Mas o que é a “datcha”? A Gazeta Russa foi às ruas para pesquisar. Confira:  

Kerstin Holm, jornalista

"A tradição das ‘datchas’ é uma espécie de compensação para os moradores dos centros urbanos pelas precárias condições de vida. Lá, em meio à natureza, as pessoas se deleitam com a pesca, banhos, coleta de cogumelos e com o cultivo de abobrinhas e tomates. Um amigo disse que em Moscou o ar é sufocante e, por isso, temos de ir à sua aldeia natal. A casa de madeira junto a uma estradinha irregular parece o início de um conto de fadas. Caixilhos brancos trabalhados adornam as janelas como colarinhos engomados e numa delas cochila um gato. A anfitriã nos cumprimenta com “golubtsi” (folhas de repolho recheadas de carne moída e arroz). Mas antes temos que suar bastante em uma sauna que exala um tremendo calor”.

Boris Raitchuster, escritor

“’Datcha’ é uma oportunidade para dormir bem, deitar na rede, tomar chá no terraço, ter boas conversas, fazer passeios a pé e curtir longas noites acompanhadas de vinho ou vodka.”

O russo não tem uma resposta definida para explicar o que é “datcha”. Cada um tem a sua própria, porque nela cada um faz exatamente o que gosta.

Zinaída, 73 anos, aposentada

"Há 30 anos seguidos passamos o verão na ‘datcha’. Aqui eu tenho a minha horta: batatas, pepinos, tomates, abobrinha, cebola, cenoura, morango, groselha. Durante o verão, comemos tudo isso diretamente dos canteiros e no inverno, em forma de conservas, lembrando os dias de verão.”

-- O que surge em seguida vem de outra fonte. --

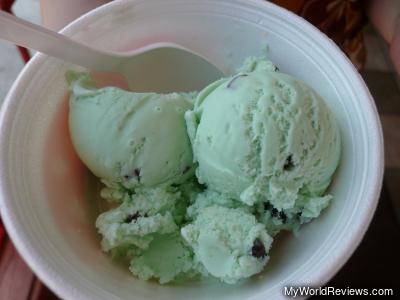 Mint Chocolate Chip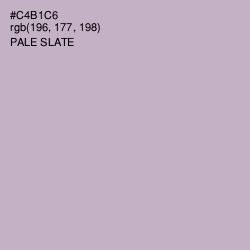 #C4B1C6 - Pale Slate Color Image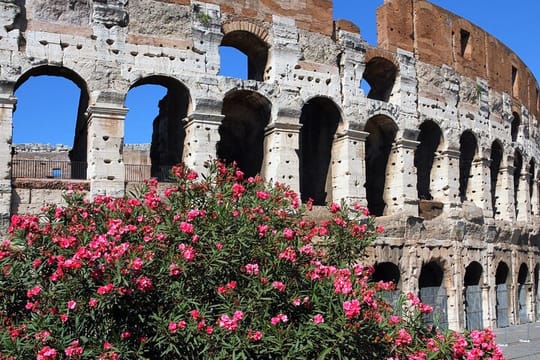 Colosseum Express Tour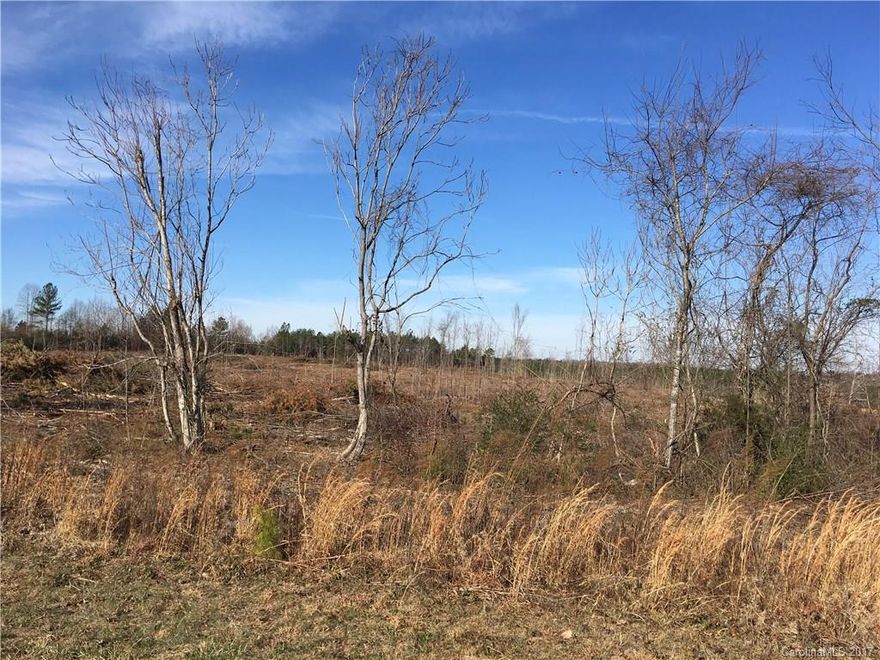 Approximately 17 acres in North Lincoln! Come build your dream home with room to roam or build a whole subdivision.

• Da população urbana da Rússia, 48% possui imóveis fora da cidade, que consistem, mais frequentemente, em uma casa de campo para passar o verão (27%).

 

• Em suas terras, a maioria dos proprietários de “datchas” cultiva hortaliças e frutas para consumo da família, planta flores ou simplesmente descansa.

 

• Apenas um número pequeno de pessoas obtém lucros com as suas “datchas”, cultivando produtos agrícolas para a venda ou arrendando-as. 

Víktor, serralheiro, 59 anos

"Construí essa casa com minhas próprias mãos. Assentei cada tijolo. Agora pretendo construir um anexo, uma garagem. A minha esposa se ocupa da horta. Estamos até pensando em criar algumas galinhas quando nós dois nos aposentarmos e mudarmos para cá”.  

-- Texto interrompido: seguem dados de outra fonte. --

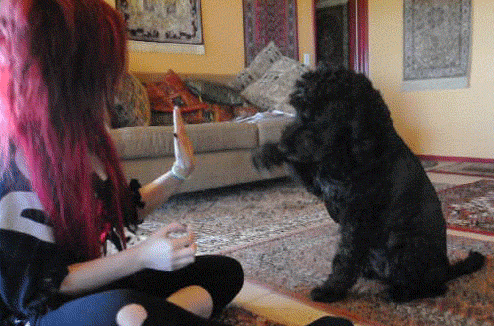 AWW I TAUGHT MY DOG TO DO THIS [: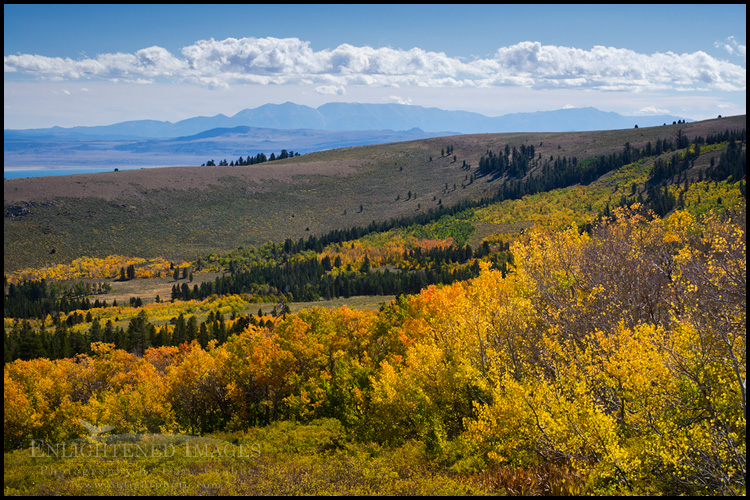Image:Aspen trees in Fall along Dunderberg Meadow Road, Eastern Sierra, California
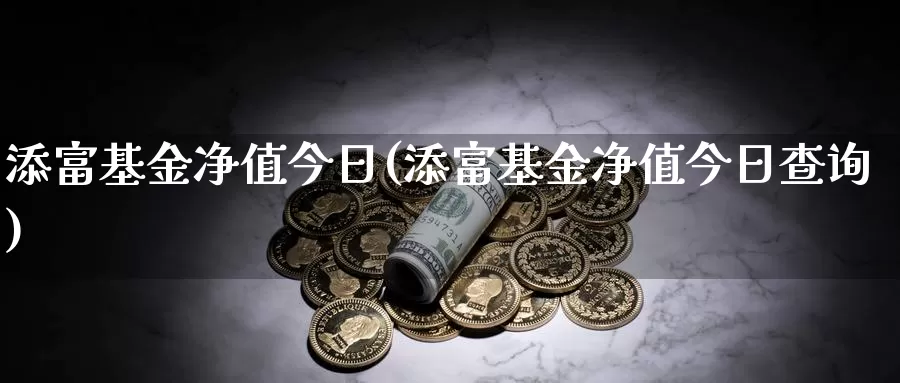 添富基金净值今日(添富基金净值今日查询)_https://www.lfyiying.com_美股_第1张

Zinaida e Viktor pertencem à geração mais antiga de veranistas. Para eles, a “datcha” representa agricultura de subsistência, um lugar para relaxar a mente e trabalhar fisicamente.

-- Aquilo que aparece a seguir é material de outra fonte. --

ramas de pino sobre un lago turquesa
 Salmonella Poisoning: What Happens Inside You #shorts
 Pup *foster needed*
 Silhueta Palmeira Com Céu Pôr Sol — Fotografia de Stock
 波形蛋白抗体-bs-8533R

Vasili, engenheiro, 30 anos

"Eu e a minha esposa compramos um terreno quando ficamos sabendo que teríamos um bebê. Ao invés de uma horta, montamos uma área de recreação infantil. Normalmente, vamos para a ‘datcha’ nos finais de semana. Amigos com crianças também vêm frequentemente. Nós, é claro, fazemos churrasco e gostamos de cantar junto à fogueira.”

Assim como fez Vasili, a maioria dos "novos" veranistas compram as suas “datchas”.  Nem todos têm condições financeiras de comprar um apartamento na cidade, mas muitos possuem dinheiro suficiente para adquirir um pedaço de terra fora da cidade.

A URSS distribuía os “seis centos” através das cooperativas anexadas a diversas organizações. Foi por isso que surgiram no mapa da Rússia povoados de escritores, mineiros, artistas, construtores, engenheiros hidráulicos.

Guennádi, dramaturgo, tem sua “datcha” no povoado “O Escritor de Moscou"

"Vou para a ‘datcha’ em busca de privacidade. Mas dificilmente consigo passar um tempo sozinho. Os escritores são pessoas sociáveis e até mesmo sociáveis demais. Se alguém faz aniversário, ou por outro motivo qualquer, obrigatoriamente todos convidam a todos e começa a bebedeira e a folia. Eu evito frequentar esse tipo de reunião ou tento escapar depressa no caso de ser obrigado a ir. Mas, ocasionalmente, é necessário participar delas. Afinal, muito do que não se diz na cidade escapa facilmente ao ar livre e sob o efeito da vodca. Por isso, acontece que muitas coisas acabam sendo resolvidas na ‘datcha’. Eu mesmo tenho uma peça inspirada pelas reuniões de veraneio. No entanto, para a literatura russa isso não é novidade. Todos escreveram sobre as ‘datchas’ -Tchekhov, Dostoiévski e Tolstoi".

Qualquer que seja a “datcha”, grande ou pequena, luxuosa ou mais simples, própria ou de um amigo, ela ocupa um lugar muito importante na vida de um russo. Afinal, é na Ásia que descansam para depois trabalhar melhor. Mas na Rússia, trabalham para descansar. Na “datcha”.